### WHAT YOU SHOULD DO
Images do not belong in the copy. Set down all the entries exactly.

★ ★ ★ ★ ★ ★ ★

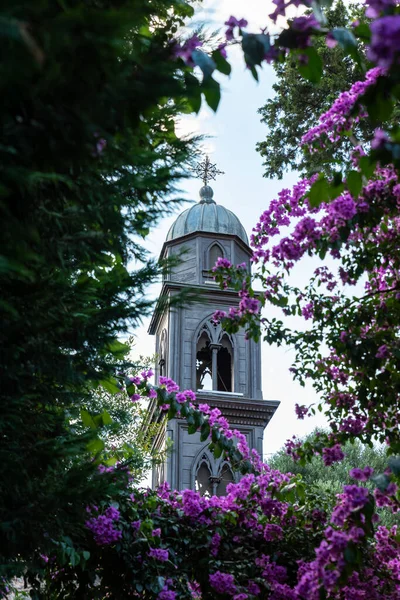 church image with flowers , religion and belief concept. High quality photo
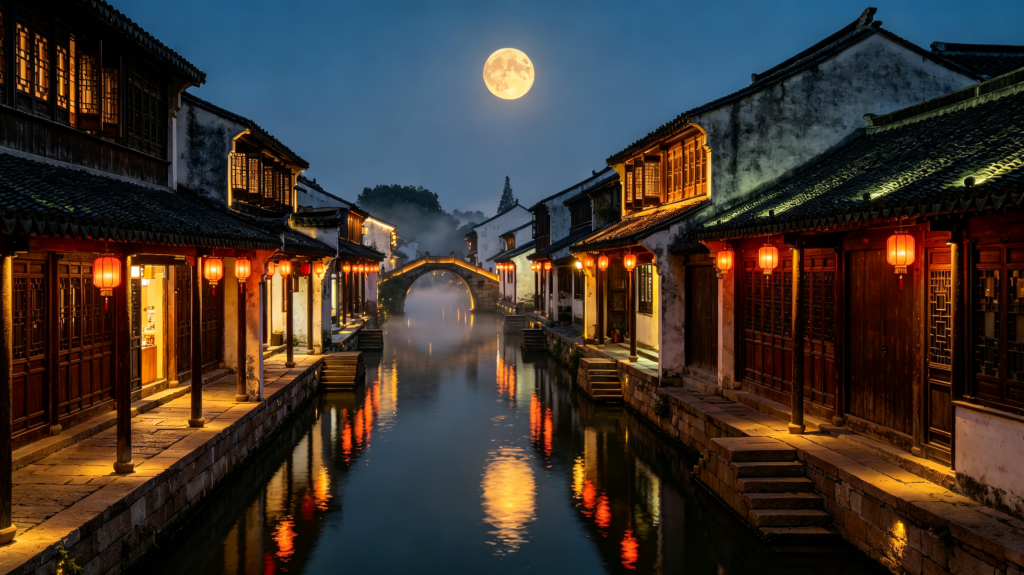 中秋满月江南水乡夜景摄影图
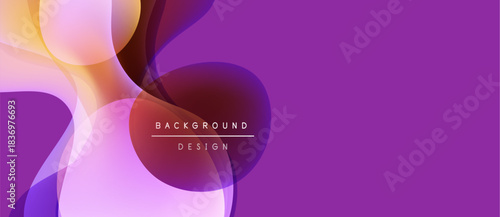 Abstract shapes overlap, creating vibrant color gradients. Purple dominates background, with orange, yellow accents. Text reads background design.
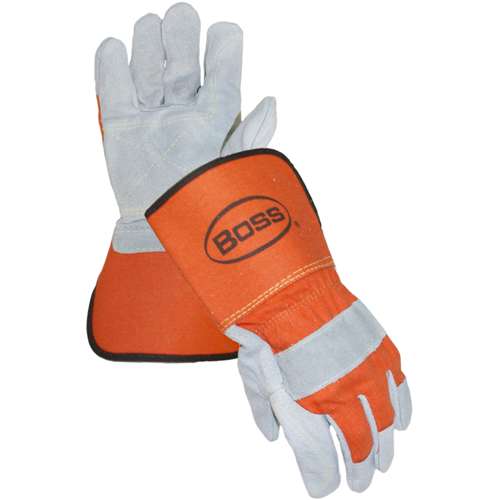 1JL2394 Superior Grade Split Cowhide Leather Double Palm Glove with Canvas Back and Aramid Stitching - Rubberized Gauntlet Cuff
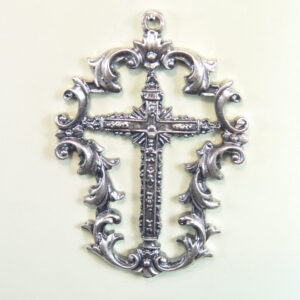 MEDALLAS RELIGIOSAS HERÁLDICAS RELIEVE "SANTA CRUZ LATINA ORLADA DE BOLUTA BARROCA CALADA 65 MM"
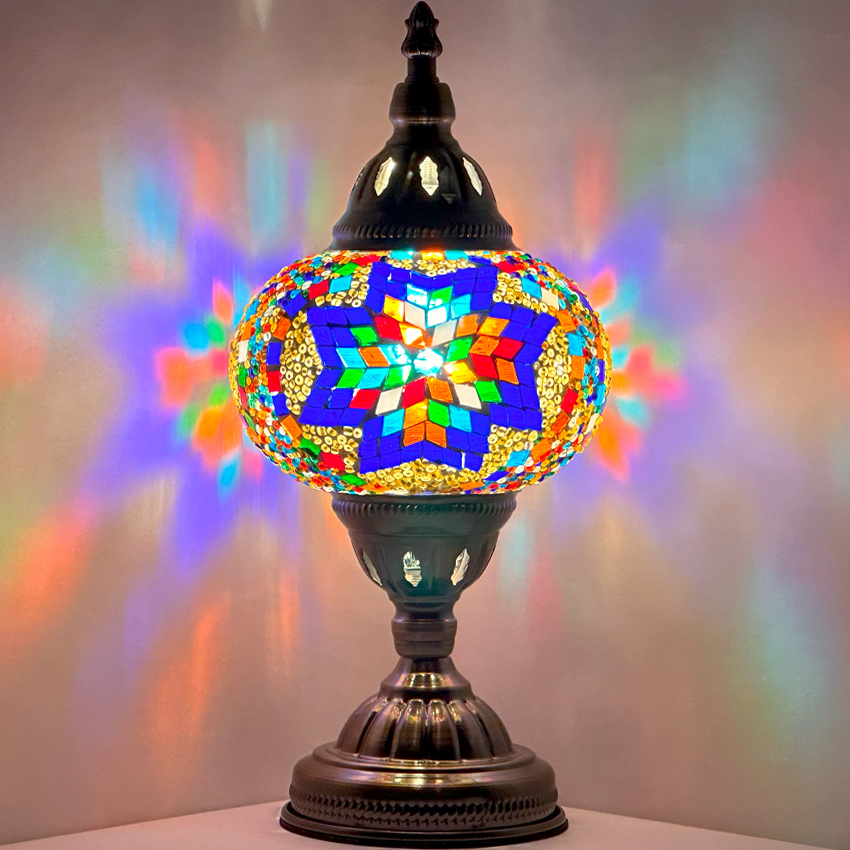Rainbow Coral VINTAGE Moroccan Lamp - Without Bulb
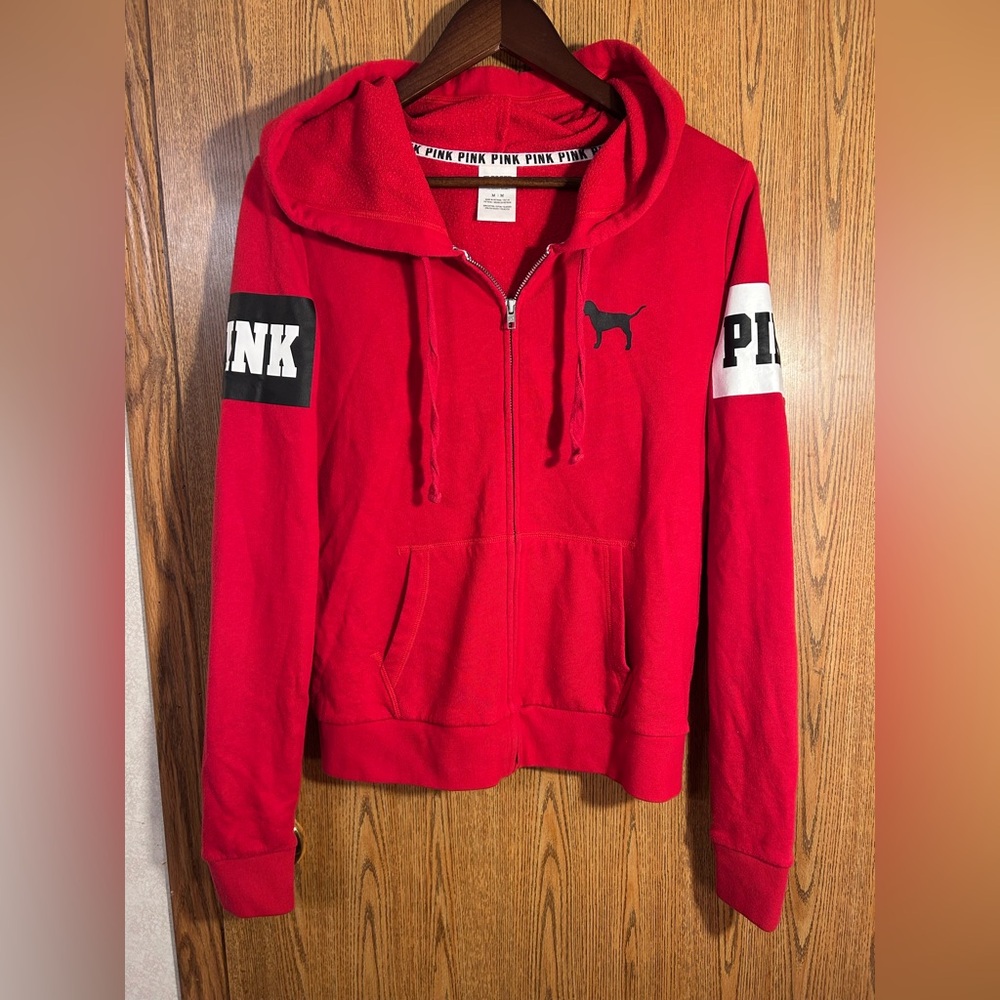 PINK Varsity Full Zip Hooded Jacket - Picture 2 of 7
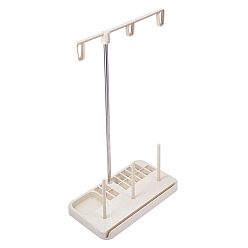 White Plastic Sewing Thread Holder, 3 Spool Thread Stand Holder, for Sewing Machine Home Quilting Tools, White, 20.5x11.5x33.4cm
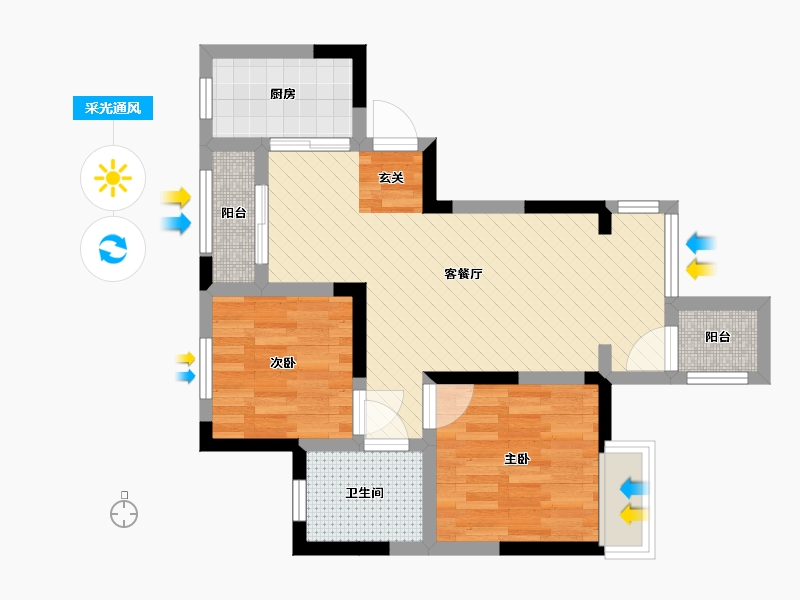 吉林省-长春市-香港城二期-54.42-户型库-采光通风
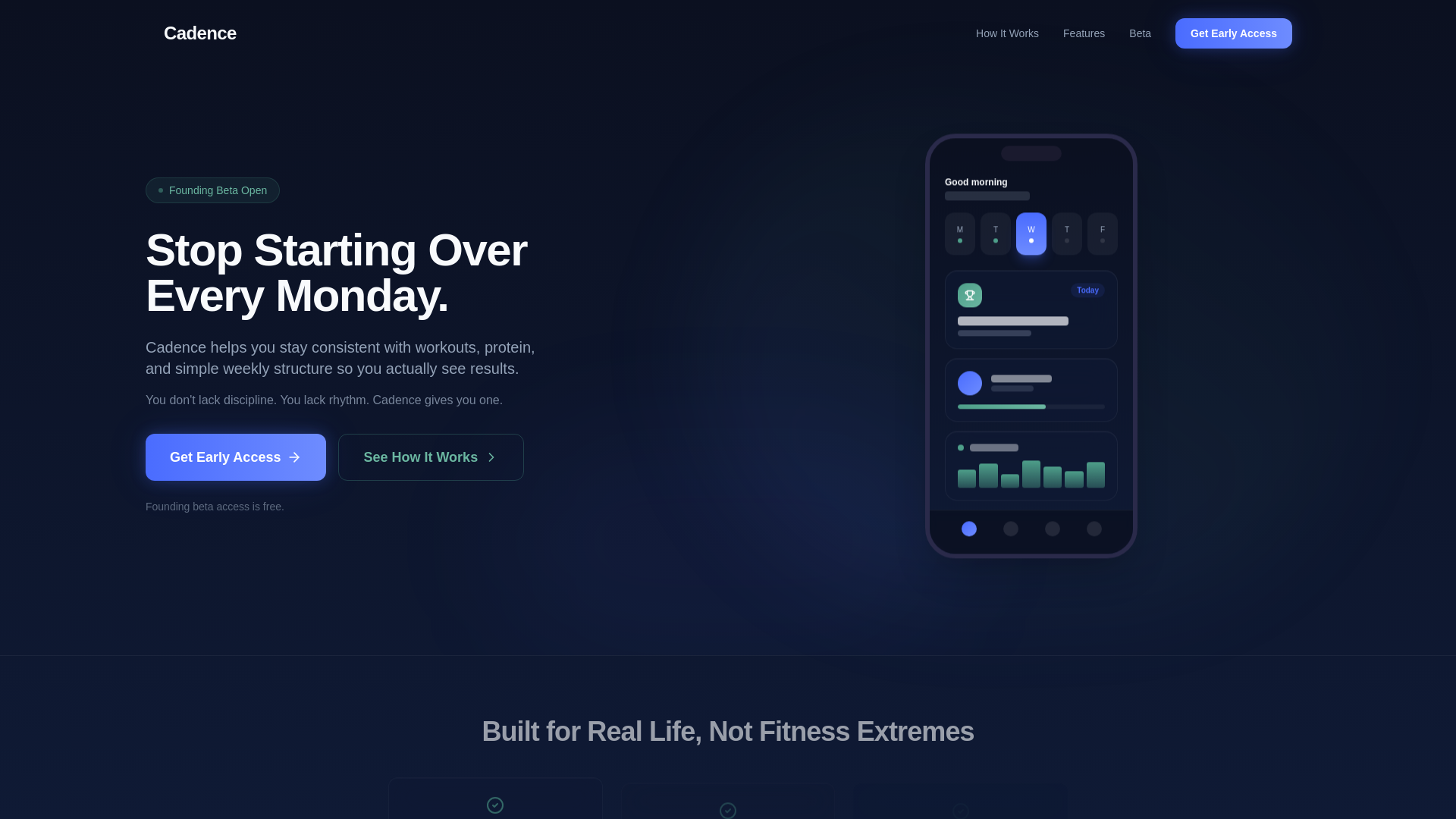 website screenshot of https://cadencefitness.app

★ ★ ★ ★ ★ ★ ★

### SOLUTION TO THIS TASK
 church image with flowers , religion and belief concept. High quality photo
 中秋满月江南水乡夜景摄影图
 Abstract shapes overlap, creating vibrant color gradients. Purple dominates background, with orange, yellow accents. Text reads background design.
 1JL2394 Superior Grade Split Cowhide Leather Double Palm Glove with Canvas Back and Aramid Stitching - Rubberized Gauntlet Cuff
 MEDALLAS RELIGIOSAS HERÁLDICAS RELIEVE "SANTA CRUZ LATINA ORLADA DE BOLUTA BARROCA CALADA 65 MM"
Rainbow Coral VINTAGE Moroccan Lamp - Without Bulb
 PINK Varsity Full Zip Hooded Jacket - Picture 2 of 7
 White Plastic Sewing Thread Holder, 3 Spool Thread Stand Holder, for Sewing Machine Home Quilting Tools, White, 20.5x11.5x33.4cm
 吉林省-长春市-香港城二期-54.42-户型库-采光通风
 website screenshot of https://cadencefitness.app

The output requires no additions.